My exercise solution vs performance benchmark

walker-dev · January 4, 2024, 9:08am

This article was fun to read but it would be awesome if I could hit compare and see how my code stacks up to the benchmark as well. I know you had a link to the code but integrating it as an advanced stat in exercism would be fun too.

IsaacG · January 4, 2024, 2:59pm

Benchmarking tends to be CPU intensive since you often need to run the code thousands of times. Exercism runs on the cloud so CPU intensive loads means expensive.

Benchmarking is affected by other loads on the machine. Exercism uses shared containers which are often highly loaded. This makes their use of containers more efficient and less wasteful, but makes them not good for benchmarking.

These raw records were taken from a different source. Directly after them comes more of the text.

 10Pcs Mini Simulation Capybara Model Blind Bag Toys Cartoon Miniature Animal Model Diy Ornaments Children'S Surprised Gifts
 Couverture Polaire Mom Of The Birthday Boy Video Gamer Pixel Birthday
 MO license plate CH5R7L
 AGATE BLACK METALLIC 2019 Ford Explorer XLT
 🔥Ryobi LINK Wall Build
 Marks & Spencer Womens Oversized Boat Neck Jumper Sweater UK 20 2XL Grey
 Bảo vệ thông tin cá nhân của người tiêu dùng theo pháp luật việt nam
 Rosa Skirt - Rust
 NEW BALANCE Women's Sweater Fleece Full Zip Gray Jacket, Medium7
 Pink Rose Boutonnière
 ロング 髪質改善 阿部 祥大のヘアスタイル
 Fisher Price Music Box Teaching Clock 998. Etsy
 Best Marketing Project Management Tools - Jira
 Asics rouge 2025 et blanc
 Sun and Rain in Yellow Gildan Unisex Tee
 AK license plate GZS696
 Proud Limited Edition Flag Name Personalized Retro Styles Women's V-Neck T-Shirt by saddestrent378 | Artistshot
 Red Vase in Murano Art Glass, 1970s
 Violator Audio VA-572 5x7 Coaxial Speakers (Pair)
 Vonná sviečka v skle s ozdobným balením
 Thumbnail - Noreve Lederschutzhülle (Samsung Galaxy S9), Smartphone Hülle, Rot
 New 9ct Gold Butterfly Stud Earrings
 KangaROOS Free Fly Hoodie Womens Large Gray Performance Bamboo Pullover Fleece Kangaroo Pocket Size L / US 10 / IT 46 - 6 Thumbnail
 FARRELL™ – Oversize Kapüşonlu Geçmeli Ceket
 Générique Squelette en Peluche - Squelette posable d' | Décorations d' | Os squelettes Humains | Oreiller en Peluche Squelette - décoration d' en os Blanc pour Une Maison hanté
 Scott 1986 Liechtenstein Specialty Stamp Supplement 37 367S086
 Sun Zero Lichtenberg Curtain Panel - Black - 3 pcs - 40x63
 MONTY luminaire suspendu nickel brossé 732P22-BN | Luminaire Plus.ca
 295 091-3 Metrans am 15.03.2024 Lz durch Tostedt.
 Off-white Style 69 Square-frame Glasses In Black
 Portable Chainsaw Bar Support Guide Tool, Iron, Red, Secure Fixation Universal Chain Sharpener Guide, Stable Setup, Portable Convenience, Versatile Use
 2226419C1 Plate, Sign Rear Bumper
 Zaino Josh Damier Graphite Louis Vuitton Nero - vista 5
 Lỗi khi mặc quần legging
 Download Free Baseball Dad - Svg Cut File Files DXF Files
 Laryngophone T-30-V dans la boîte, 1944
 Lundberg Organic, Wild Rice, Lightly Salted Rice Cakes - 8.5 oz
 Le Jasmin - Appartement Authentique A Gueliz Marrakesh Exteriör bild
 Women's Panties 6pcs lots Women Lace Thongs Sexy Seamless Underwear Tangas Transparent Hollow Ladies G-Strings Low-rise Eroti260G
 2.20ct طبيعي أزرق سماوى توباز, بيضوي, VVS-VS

timeit is part of the Python Standard Library. This would be a good opportunity to learn to use it and to implement different approaches if you have a local computer with Python installed!

walker-dev · January 4, 2024, 3:35pm

I thought those might be along the lines of why it’s not done.

I’ll give that a go locally thanks.

kotp · January 4, 2024, 3:41pm

That would be good to see, you can always post your findings, either as a comment in the “published” comment area, or as comments in the code, if you want to share them on the platform, tied to your solution/exercise.

walker-dev · January 6, 2024, 6:41am

Mine ended up being a decent bit slower than the non recursive deep dive solutions but a touch quicker than the recursive.

So strange seeing the code run from a docstring but I guess doctest can do similar sort of things. Thanks for the suggestion to give it a go.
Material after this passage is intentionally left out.